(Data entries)
===
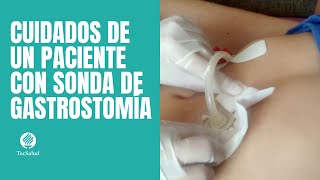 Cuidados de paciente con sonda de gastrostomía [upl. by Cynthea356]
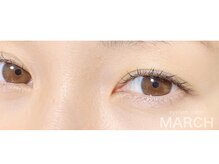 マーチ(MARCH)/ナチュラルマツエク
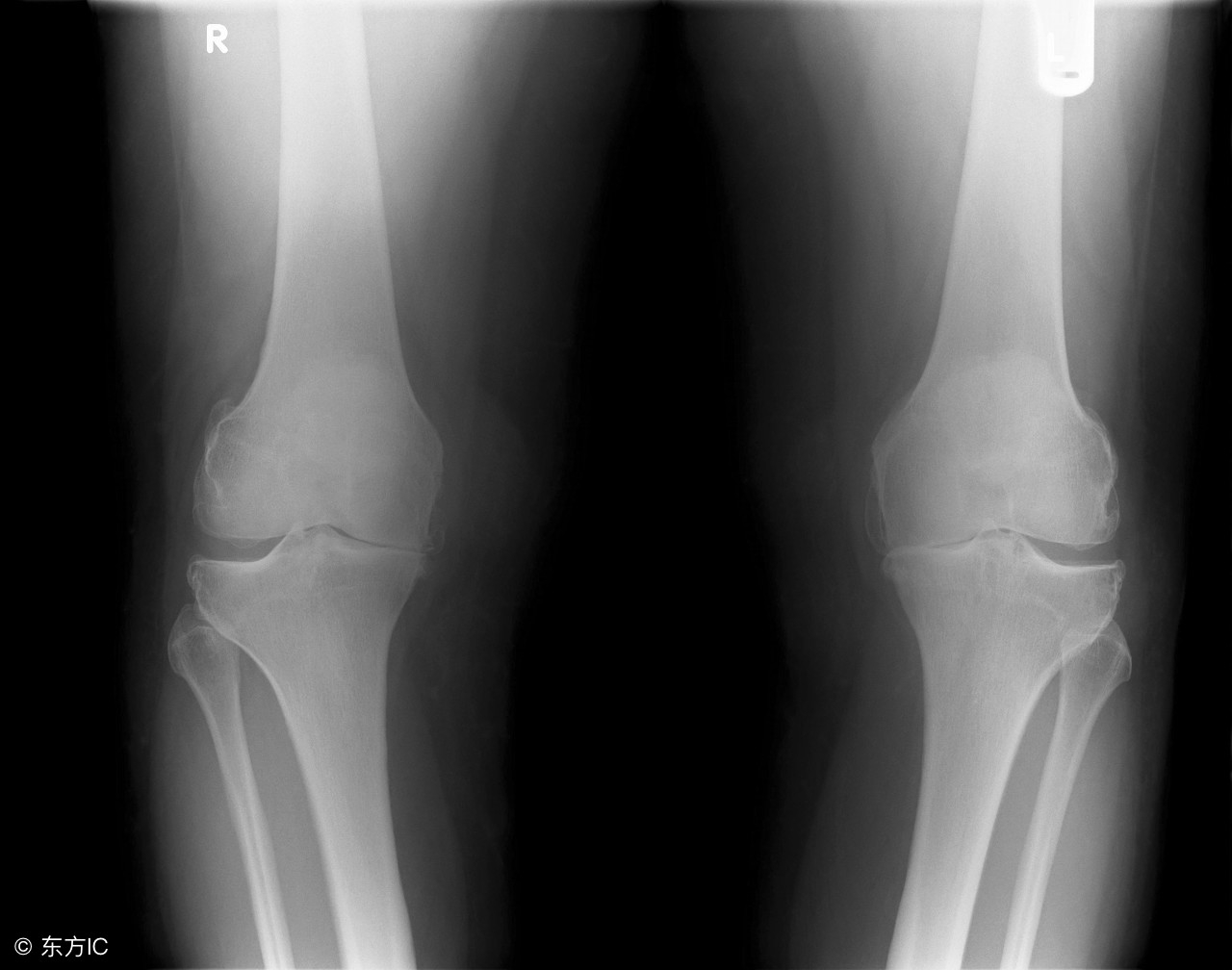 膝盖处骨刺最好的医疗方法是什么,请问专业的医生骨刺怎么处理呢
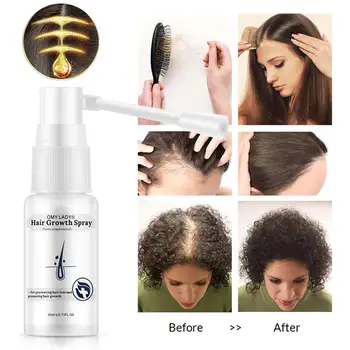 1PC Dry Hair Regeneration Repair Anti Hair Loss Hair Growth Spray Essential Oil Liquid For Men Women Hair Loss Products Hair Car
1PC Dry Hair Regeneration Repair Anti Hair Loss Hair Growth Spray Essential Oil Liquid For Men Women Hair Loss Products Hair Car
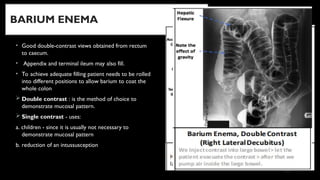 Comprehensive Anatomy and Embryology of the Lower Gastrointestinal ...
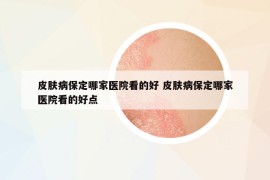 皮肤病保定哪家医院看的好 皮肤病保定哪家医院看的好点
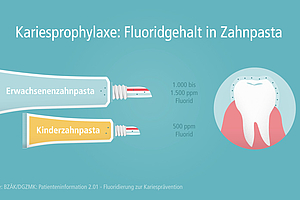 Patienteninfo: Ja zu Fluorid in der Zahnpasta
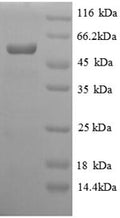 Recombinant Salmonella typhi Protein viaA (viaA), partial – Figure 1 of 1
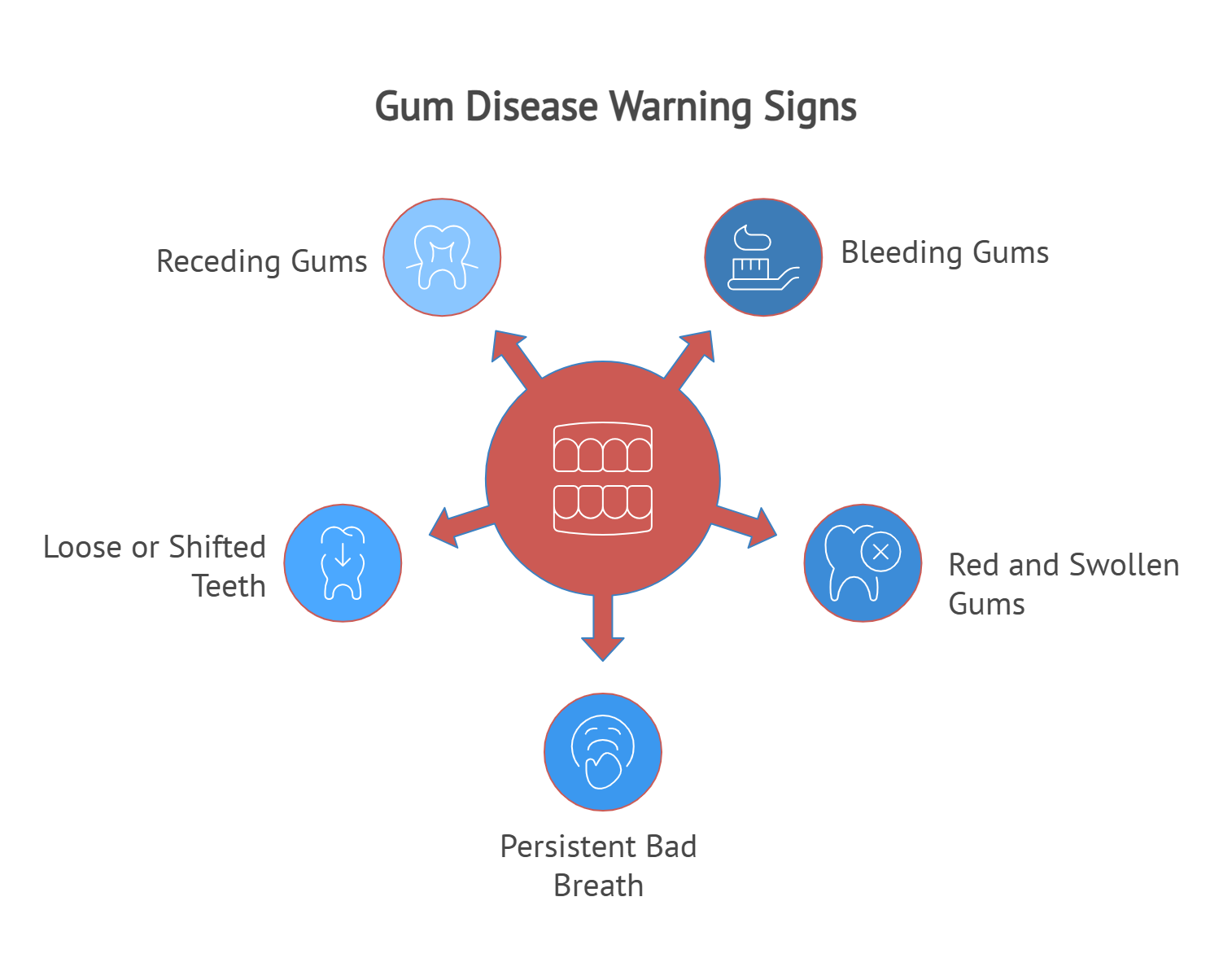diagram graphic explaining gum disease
===
## Task directions
Exactly the lines from the line with "Comprehensive Anatomy and" through the end of the data are to be reproduced, and no picture is to be included.

## Answer space
 Comprehensive Anatomy and Embryology of the Lower Gastrointestinal ...
 皮肤病保定哪家医院看的好 皮肤病保定哪家医院看的好点
 Patienteninfo: Ja zu Fluorid in der Zahnpasta
 Recombinant Salmonella typhi Protein viaA (viaA), partial – Figure 1 of 1
diagram graphic explaining gum disease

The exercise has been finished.